Häufig sind die Benutzer auf den Filesystemen aber nicht in Gruppen organisiert, sondern alle Verzeichnisse liegen flach nebeneinander auf der Einstiegsebene. Für jedes Benutzerverzeichnis einen eigenen ISP-Knoten anzulegen, wiederholt zum einen das zweite zuvor genannte Problem und ist in Anbetracht der Anzahl von Nutzern sehr aufwändig.
Einfacher ist es daher, die Verzeichnisse anhand eines Musters zu unterscheiden, beispielsweise nach dem (oder den) ersten Zeichen: ^[a,A], ^[b,B], … ,^[z,Z], ^[0-9] (ISP verseht an dieser Stelle sogar „regular Expressions“!)
Man erhält also 27 bzw. 729 ISP/TSM-Knoten, die automatisch auch alle neuen Verzeichnisse umfassen. Unglücklicherweise erfassen die RegEx-Formulierungen nur die Verzeichnisse, die existieren, nicht aber die die gelöschten. Abhilfe ist möglich, wenn man zusätzlich alle Verzeichnisse des Startpfades ohne Unterverzeichnisse sichert.
Obwohl diese Variante häufig besser als die erste ist, erfüllt sie nicht alle Erwartungen:

  • Das Lösen des „gelöschte Verzeichnisse“-Problems ist umständlich.
  • Die Konfiguration wird – insbesondere wenn man nach den ersten beiden Buchstaben unterscheidet – sehr umfangreich.
  • Änderungen der Verzeichnisnamen verteilen die Daten über mehrere ISP-Knoten und besonders der Restore wird aufwändig.
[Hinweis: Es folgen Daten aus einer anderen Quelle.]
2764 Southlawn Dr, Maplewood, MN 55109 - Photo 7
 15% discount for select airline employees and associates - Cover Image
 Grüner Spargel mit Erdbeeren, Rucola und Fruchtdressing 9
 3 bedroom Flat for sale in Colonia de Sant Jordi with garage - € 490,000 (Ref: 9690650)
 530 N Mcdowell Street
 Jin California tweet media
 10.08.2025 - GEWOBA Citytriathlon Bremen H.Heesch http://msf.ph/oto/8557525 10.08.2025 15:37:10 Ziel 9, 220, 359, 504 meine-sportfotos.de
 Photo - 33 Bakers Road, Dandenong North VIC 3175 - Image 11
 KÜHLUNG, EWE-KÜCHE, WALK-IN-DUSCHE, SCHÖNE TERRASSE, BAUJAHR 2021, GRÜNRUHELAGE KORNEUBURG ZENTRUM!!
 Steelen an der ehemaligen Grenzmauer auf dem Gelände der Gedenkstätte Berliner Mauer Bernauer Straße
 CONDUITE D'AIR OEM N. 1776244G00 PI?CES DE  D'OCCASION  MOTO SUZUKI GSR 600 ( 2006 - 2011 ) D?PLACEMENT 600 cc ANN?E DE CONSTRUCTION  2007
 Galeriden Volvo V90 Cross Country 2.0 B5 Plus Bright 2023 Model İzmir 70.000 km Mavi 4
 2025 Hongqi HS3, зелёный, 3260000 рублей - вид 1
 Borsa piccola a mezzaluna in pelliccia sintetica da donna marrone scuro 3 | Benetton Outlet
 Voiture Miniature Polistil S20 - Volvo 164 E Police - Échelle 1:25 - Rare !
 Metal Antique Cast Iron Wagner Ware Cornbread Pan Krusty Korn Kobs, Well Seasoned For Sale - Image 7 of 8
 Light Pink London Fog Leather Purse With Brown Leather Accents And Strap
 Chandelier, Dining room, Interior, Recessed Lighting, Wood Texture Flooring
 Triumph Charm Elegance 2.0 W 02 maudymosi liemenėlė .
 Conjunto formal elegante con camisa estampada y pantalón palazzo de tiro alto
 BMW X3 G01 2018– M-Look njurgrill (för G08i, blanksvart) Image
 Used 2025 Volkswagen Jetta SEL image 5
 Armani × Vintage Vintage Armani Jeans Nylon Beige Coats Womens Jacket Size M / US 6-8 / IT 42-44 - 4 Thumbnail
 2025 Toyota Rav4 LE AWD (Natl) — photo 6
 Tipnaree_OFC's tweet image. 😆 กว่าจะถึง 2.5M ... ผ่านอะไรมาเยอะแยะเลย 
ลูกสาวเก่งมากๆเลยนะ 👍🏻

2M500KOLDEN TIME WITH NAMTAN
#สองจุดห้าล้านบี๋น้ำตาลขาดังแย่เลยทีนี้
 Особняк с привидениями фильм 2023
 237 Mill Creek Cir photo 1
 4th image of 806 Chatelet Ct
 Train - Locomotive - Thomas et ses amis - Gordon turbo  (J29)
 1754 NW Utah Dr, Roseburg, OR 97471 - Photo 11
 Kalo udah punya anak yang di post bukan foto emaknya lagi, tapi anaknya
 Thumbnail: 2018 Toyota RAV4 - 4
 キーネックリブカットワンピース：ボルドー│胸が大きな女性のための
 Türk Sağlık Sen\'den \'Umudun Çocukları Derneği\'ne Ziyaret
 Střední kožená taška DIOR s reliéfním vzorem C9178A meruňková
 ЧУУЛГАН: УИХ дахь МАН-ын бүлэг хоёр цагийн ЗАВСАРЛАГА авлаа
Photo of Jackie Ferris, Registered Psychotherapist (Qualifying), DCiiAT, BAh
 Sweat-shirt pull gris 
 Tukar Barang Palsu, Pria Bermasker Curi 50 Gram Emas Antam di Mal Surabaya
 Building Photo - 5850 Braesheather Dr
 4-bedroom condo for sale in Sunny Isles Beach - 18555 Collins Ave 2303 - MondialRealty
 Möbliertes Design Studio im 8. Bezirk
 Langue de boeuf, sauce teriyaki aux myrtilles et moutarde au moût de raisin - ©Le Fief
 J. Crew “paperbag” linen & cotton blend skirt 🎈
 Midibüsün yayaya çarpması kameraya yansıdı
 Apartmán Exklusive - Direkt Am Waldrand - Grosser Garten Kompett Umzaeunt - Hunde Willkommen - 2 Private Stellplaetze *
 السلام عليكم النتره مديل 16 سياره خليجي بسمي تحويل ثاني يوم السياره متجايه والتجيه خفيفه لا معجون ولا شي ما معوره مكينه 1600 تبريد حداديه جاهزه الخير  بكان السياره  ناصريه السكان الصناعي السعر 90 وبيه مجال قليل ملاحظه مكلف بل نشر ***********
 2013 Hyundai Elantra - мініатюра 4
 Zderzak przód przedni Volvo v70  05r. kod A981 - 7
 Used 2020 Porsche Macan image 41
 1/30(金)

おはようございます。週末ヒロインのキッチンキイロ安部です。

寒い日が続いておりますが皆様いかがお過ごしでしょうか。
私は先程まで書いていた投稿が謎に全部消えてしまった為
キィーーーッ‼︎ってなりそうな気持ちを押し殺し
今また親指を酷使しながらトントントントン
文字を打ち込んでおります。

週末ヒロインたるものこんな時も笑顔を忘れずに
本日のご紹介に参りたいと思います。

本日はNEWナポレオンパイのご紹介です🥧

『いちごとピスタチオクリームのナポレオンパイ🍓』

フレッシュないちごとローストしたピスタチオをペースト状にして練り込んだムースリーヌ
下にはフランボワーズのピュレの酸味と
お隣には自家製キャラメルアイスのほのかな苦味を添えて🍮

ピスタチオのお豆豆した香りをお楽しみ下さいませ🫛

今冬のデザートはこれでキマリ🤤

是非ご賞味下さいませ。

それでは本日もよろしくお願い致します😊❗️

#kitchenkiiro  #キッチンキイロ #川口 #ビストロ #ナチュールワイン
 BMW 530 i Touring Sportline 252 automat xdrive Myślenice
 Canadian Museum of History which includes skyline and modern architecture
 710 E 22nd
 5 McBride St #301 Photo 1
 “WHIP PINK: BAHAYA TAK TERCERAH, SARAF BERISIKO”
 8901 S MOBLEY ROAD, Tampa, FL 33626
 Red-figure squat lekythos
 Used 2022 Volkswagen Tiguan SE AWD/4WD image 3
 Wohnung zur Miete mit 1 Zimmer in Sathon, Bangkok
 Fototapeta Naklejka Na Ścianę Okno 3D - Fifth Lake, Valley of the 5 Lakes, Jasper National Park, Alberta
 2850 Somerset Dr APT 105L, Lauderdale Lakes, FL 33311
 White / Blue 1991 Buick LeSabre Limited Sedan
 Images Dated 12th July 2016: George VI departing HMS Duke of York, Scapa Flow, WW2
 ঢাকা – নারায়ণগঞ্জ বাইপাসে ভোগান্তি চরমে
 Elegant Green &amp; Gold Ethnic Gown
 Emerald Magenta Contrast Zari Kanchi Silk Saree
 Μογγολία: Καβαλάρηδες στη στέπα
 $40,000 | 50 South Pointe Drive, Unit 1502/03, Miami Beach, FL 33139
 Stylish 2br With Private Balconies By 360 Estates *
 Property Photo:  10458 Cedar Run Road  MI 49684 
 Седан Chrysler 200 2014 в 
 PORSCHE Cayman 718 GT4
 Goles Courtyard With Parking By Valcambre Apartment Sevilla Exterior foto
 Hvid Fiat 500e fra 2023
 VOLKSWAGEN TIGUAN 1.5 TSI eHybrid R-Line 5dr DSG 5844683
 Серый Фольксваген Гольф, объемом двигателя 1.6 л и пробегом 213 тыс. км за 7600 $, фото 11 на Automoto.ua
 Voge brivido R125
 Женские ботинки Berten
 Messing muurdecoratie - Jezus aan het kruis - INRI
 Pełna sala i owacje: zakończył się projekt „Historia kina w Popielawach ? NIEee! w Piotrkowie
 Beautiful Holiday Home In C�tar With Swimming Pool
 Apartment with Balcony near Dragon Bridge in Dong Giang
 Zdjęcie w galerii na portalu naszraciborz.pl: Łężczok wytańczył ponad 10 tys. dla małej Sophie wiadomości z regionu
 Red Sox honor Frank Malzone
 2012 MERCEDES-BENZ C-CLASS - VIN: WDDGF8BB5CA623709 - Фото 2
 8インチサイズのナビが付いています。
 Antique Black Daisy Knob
Zusammenfassend ist festzustellen, dass es für beide Ansätze sicherlich Einsatzszenarien gibt, aber aus der Erfahrung an der GWDG ist zu berichten, dass der Aufwand recht hoch ist und es immer wieder ein paar „Power-User“ gibt, die bei diesen beiden Ansätzen nochmals eine Sonderbehandlung benötigen um einen brauchbaren Nutzen zu erzielen.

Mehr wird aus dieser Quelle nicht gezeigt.